▶ _Exercise instructions_
Scan the data below and state the number of lines that include the word "image", adding no comment.

▶ _Supplied records_
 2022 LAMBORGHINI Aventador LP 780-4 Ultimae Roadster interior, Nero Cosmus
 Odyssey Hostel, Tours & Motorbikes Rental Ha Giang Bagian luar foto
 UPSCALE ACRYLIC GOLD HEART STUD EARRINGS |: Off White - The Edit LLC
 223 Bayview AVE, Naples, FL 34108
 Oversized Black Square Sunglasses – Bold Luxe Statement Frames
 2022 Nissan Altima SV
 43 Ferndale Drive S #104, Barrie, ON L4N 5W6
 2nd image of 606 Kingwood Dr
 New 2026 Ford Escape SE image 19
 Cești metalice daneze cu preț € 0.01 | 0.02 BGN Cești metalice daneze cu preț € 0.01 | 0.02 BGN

▶ _Answer_
2